*Action item:* Please repeat the entries word for word and keep the images out.
** Opening Given data block **
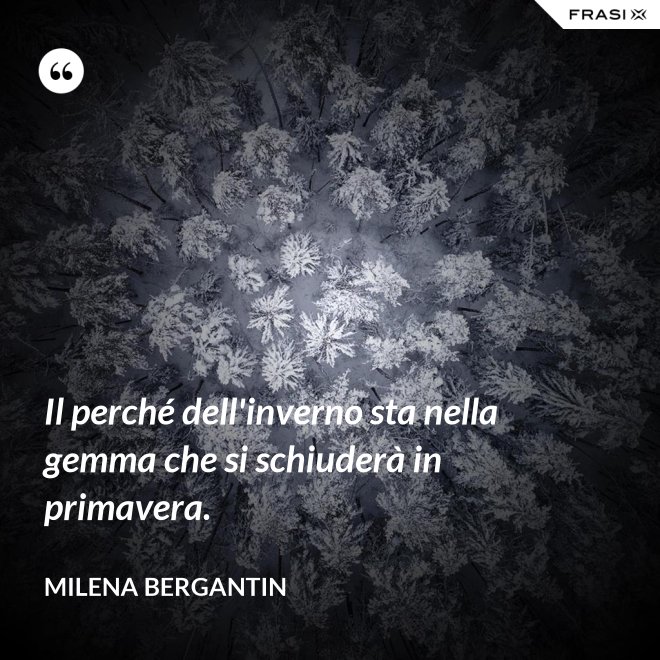 Il perché dell'inverno sta nella gemma che si schiuderà in primavera. - Milena Bergantin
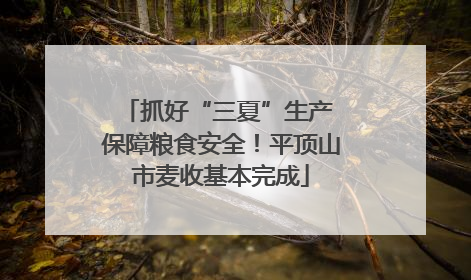 抓好“三夏”生产 保障粮食安全！平顶山市麦收基本完成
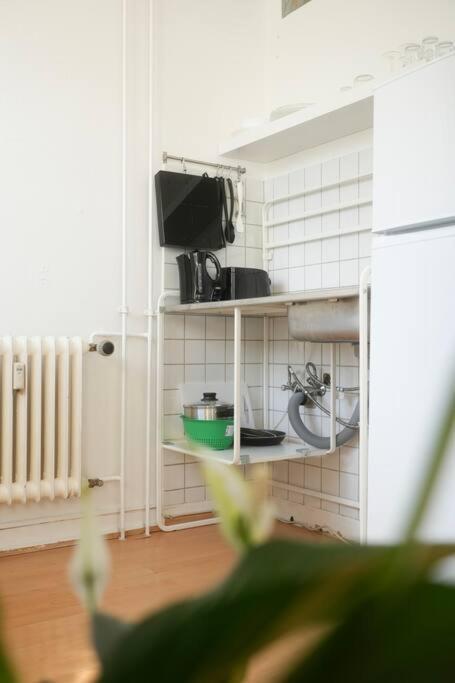 Stadtoase Wohnung Nahe Hauptbahnhof Coblenza Exterior foto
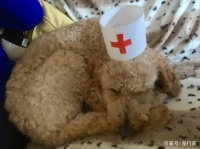 在家就能做的日常宠物健康检查，方法简单有用，建议收藏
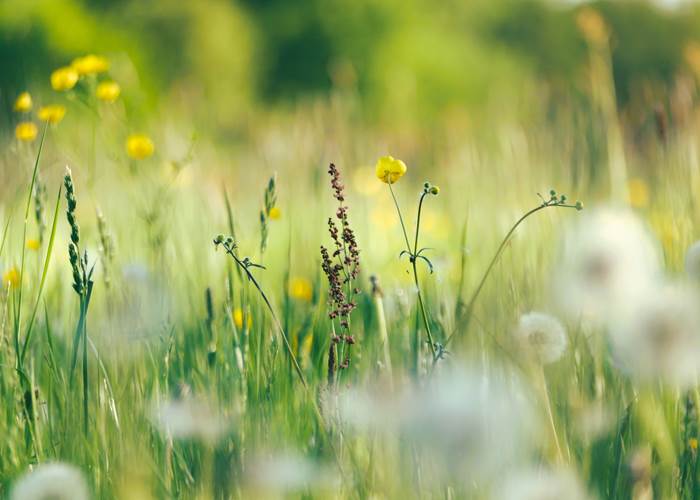 Fleurs sauvages, Vosges-page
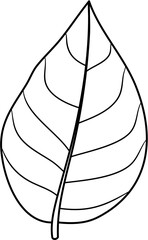 leaf lineart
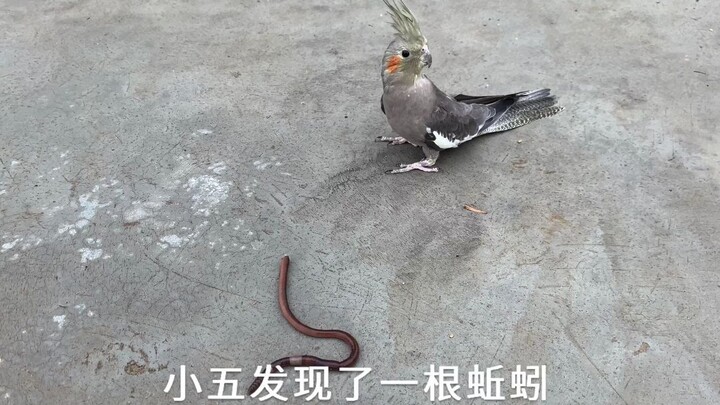 An cockatiel spots a worm, and the little duck—who used to be too scared to eat worms—gobbles it up 
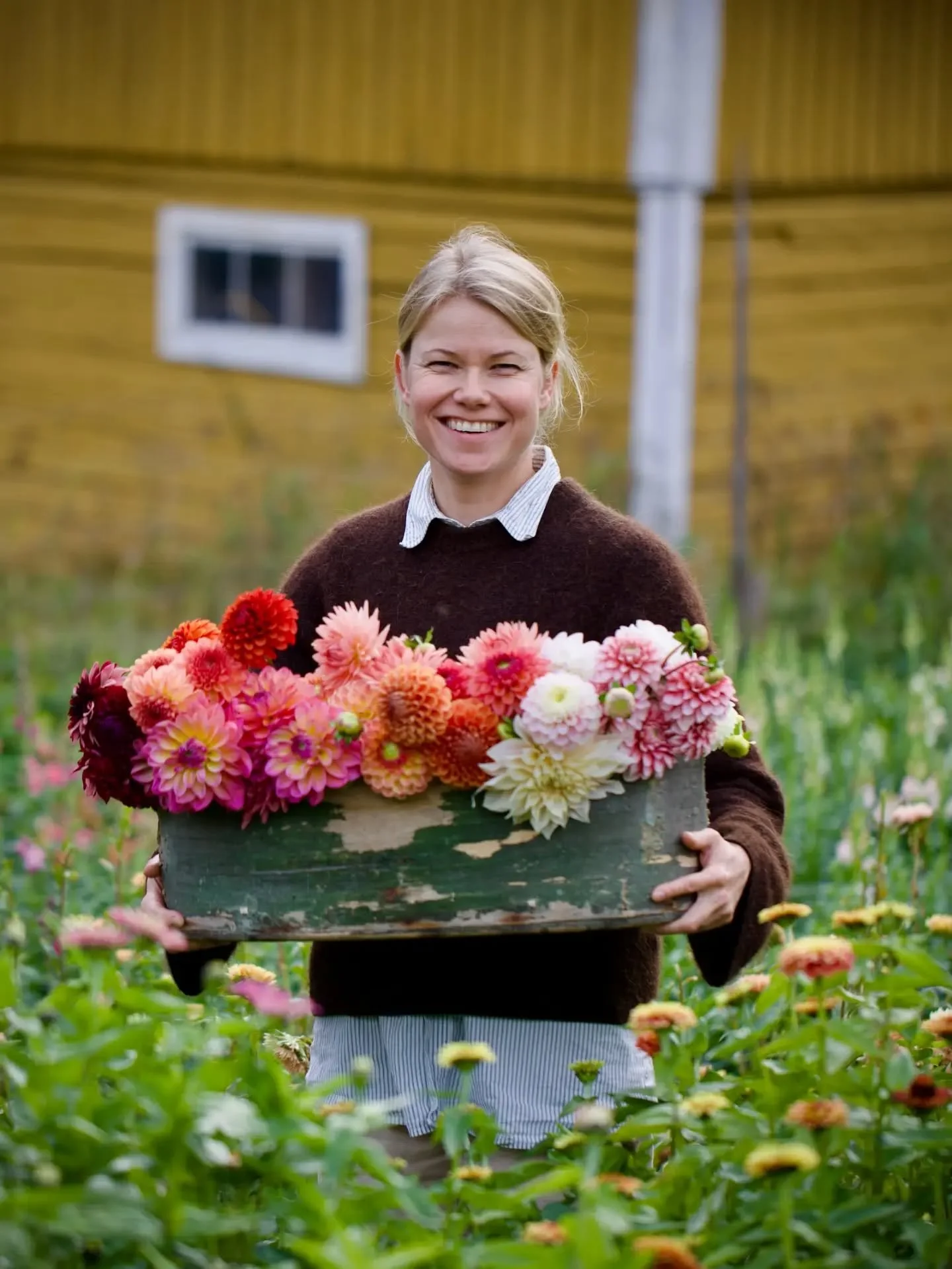 Voiko kukilla her&auml;tt&auml;&auml; vanhan sukutilan uuteen loistoon? 🌸

M&auml; olen Malla, ja mulla on haave.

Kasvatan leikkokukkia &auml;itini vanhalla sukutilalla Asikkalassa, P&auml;ij&auml;t-H&auml;meess&auml;. Tilan nimi on Loisto, eik&aum
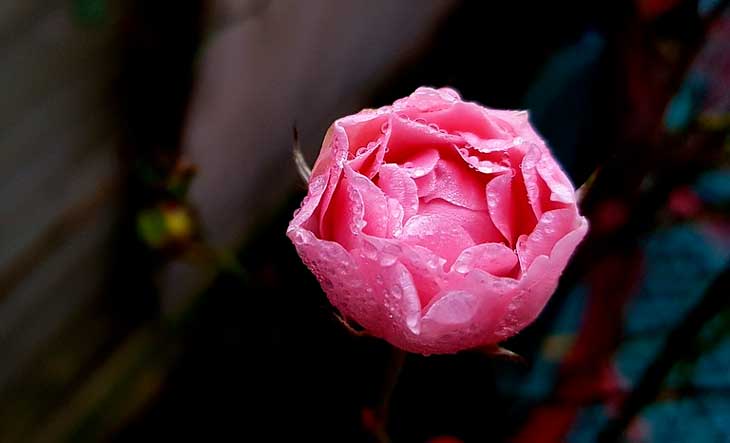 Сочинение по рассказу Макар Чудра Горького 8 класс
** Closing Given data block **
*Exercise answer:*
 Il perché dell'inverno sta nella gemma che si schiuderà in primavera. - Milena Bergantin
 抓好“三夏”生产 保障粮食安全！平顶山市麦收基本完成
 Stadtoase Wohnung Nahe Hauptbahnhof Coblenza Exterior foto
 在家就能做的日常宠物健康检查，方法简单有用，建议收藏
 Fleurs sauvages, Vosges-page
 leaf lineart
 An cockatiel spots a worm, and the little duck—who used to be too scared to eat worms—gobbles it up 
 Voiko kukilla her&auml;tt&auml;&auml; vanhan sukutilan uuteen loistoon? 🌸

M&auml; olen Malla, ja mulla on haave.

Kasvatan leikkokukkia &auml;itini vanhalla sukutilalla Asikkalassa, P&auml;ij&auml;t-H&auml;meess&auml;. Tilan nimi on Loisto, eik&aum
 Сочинение по рассказу Макар Чудра Горького 8 класс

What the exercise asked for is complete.